A contagem oficial de árvores mortas, feita por funcionários do Serviço Florestal Americano e do Departamento de Silvicultura e Proteção contra Incêndios da Califórnia ao sobrevoarem a Sierra Nevada, certamente vai crescer. Várias delas já estão sendo avistadas na bacia do Lago Tahoe e ao norte.

Nenhuma das duas mortandades parece que irá terminar tão cedo e o incêndio de Big Sur ainda continua -- com mais de 90 mil hectares destruídos.

Quando tomadas por um fogo desses, muitas florestas retornam apenas como cerrado, com árvores do tamanho de arbustos.

O governador da Califórnia, Jerry Brown, declarou estado de emergência nas regiões centrais e sul da Sierra em outubro do ano passado.

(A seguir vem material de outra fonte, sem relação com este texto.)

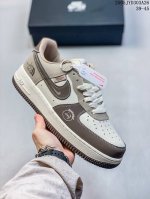 公司带半码 耐克Nike Air Force 1 07 空军一号低帮百搭休闲运动板鞋 柔软 弹性十足的缓震性能和出色的中底设计 横跨复古与现代的外结合 造就出风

Brown também ordenou que uma força-tarefa elaborasse estratégias para limpar as árvores mortas. Ele também foi em busca de fundos federais adicionais.

Nessa missão, recebeu assistência do secretário de Agricultura, Tom Vilsack, que, como inspetor do Serviço Florestal, já previu um desastre caso o congresso não aloque mais dinheiro para o manejo florestal preventivo.

E Vilsack disse em junho: "A mortandade de árvores dessa magnitude é sem precedentes e aumenta o risco de incêndios catastróficos que colocam propriedades e vidas em risco. Devemos financiar o controle de incêndios assim como acontece com outras catástrofes naturais no país".